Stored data
%%
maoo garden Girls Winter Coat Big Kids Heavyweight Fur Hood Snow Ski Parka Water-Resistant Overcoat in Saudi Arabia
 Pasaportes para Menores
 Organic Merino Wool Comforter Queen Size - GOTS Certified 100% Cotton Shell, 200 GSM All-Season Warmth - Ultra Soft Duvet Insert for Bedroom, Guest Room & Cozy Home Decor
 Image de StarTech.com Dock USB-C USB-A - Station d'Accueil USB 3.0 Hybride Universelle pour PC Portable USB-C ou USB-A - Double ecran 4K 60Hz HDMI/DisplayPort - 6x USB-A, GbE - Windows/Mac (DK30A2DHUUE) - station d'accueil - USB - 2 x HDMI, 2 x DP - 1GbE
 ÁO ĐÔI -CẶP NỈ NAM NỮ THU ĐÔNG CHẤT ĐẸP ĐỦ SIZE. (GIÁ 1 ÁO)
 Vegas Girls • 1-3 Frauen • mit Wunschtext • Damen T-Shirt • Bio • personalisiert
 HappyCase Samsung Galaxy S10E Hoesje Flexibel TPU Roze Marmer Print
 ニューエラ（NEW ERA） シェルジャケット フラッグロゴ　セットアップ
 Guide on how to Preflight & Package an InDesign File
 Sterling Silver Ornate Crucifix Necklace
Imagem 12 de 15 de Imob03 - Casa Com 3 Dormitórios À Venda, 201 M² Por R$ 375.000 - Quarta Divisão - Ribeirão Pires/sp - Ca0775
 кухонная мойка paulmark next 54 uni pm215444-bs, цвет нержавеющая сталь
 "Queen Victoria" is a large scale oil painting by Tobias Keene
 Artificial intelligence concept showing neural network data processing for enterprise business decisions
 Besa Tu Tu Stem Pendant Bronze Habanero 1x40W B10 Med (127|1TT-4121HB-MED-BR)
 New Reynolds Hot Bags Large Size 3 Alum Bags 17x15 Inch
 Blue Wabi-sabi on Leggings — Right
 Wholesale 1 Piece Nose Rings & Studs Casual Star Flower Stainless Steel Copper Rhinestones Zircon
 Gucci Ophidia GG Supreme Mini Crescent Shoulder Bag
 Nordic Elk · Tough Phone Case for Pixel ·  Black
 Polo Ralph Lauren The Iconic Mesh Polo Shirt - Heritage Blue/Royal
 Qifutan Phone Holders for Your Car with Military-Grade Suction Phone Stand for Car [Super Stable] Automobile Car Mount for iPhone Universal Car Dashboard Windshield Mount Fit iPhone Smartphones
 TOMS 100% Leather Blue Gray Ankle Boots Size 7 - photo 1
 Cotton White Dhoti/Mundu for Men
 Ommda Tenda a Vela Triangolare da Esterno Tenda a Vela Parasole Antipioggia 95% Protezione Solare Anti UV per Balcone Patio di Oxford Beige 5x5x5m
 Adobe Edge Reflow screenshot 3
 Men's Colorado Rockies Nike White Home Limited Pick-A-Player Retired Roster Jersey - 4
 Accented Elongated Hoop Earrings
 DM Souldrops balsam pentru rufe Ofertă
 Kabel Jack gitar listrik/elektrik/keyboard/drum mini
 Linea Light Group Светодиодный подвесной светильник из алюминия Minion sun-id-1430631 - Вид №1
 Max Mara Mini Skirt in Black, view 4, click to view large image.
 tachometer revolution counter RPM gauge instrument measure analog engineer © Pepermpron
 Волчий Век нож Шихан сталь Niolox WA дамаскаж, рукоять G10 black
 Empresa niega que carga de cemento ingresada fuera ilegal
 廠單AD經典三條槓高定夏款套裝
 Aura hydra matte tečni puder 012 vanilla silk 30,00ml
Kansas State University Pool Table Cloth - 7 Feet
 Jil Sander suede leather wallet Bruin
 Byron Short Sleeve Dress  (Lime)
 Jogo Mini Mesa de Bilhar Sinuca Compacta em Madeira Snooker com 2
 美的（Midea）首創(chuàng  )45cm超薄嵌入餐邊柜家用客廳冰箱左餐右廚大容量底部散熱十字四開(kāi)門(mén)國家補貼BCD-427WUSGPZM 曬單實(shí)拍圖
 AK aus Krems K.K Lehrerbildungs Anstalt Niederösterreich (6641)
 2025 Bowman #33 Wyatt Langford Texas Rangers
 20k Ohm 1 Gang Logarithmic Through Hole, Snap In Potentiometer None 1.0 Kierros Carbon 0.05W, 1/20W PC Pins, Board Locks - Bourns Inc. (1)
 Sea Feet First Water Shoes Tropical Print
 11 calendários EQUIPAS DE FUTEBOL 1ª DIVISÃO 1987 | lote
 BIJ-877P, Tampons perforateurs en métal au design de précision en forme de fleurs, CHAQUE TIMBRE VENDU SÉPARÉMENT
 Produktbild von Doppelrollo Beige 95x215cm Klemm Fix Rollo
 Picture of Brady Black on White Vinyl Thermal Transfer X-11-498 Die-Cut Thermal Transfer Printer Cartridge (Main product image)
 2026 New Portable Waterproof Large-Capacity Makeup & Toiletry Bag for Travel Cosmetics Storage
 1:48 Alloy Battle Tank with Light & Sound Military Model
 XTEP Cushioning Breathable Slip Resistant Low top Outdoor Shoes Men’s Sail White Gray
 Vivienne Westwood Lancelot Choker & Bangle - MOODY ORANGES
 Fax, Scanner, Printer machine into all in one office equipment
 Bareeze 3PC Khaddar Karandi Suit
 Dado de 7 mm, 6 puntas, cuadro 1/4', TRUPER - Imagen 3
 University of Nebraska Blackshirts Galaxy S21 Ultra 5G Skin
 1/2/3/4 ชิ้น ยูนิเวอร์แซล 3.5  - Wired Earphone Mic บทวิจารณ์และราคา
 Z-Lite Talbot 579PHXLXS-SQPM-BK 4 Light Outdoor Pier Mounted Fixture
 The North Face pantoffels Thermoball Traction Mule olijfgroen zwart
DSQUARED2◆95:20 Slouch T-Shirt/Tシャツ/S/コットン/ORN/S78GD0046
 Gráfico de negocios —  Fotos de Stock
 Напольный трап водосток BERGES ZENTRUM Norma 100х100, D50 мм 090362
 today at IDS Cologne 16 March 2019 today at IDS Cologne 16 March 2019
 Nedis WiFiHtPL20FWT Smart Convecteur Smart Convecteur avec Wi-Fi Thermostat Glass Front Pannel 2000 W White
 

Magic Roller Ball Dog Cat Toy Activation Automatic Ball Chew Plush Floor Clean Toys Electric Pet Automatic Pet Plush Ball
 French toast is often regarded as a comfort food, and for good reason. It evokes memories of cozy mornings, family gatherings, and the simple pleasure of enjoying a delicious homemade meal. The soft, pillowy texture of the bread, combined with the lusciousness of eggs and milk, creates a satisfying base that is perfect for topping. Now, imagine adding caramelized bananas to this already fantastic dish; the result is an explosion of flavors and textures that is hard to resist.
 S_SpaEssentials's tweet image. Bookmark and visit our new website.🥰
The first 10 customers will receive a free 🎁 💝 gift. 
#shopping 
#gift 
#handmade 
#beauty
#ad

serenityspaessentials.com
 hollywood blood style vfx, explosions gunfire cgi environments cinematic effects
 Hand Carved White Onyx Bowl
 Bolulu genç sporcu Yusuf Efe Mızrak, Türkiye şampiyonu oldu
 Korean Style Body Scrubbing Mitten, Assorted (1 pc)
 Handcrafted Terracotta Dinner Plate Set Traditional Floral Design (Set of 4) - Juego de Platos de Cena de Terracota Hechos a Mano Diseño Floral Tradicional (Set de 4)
%%
Exercise brief:
Print exactly the lines above, between the one holding "Gucci Ophidia GG" and the one holding "Cotton White Dhoti/Mundu for Men", inclusive, and nothing besides.

Exercise output:
 Gucci Ophidia GG Supreme Mini Crescent Shoulder Bag
 Nordic Elk · Tough Phone Case for Pixel ·  Black
 Polo Ralph Lauren The Iconic Mesh Polo Shirt - Heritage Blue/Royal
 Qifutan Phone Holders for Your Car with Military-Grade Suction Phone Stand for Car [Super Stable] Automobile Car Mount for iPhone Universal Car Dashboard Windshield Mount Fit iPhone Smartphones
 TOMS 100% Leather Blue Gray Ankle Boots Size 7 - photo 1
 Cotton White Dhoti/Mundu for Men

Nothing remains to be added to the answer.